■ **Your objective**: Please make an exact copy of the lines from the one holding "ノートパソコン タッチパネル対応/360度画面回転/office搭載/Windows11 VETESA" through the end of the data, both ends included, with no pictures.

■ **Recorded data**:
::::::::
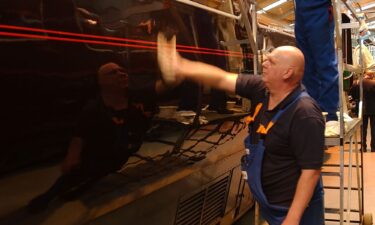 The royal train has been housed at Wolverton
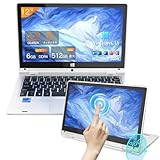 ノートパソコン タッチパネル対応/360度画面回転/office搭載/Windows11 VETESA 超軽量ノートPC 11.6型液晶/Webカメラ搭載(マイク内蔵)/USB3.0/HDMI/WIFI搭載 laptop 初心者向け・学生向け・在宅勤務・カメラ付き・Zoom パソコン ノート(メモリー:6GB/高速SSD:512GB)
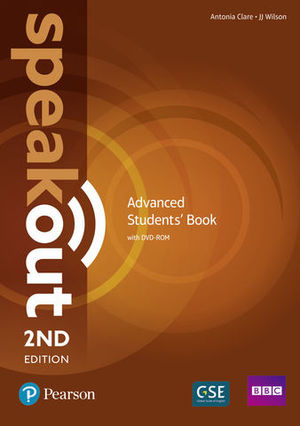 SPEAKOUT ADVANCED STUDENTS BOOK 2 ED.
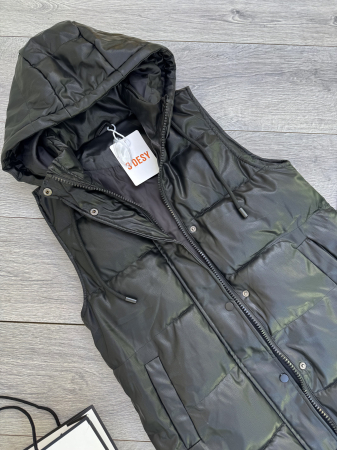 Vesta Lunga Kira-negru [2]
::::::::
■ **Exercise result**:
 ノートパソコン タッチパネル対応/360度画面回転/office搭載/Windows11 VETESA 超軽量ノートPC 11.6型液晶/Webカメラ搭載(マイク内蔵)/USB3.0/HDMI/WIFI搭載 laptop 初心者向け・学生向け・在宅勤務・カメラ付き・Zoom パソコン ノート(メモリー:6GB/高速SSD:512GB)
 SPEAKOUT ADVANCED STUDENTS BOOK 2 ED.
 Vesta Lunga Kira-negru [2]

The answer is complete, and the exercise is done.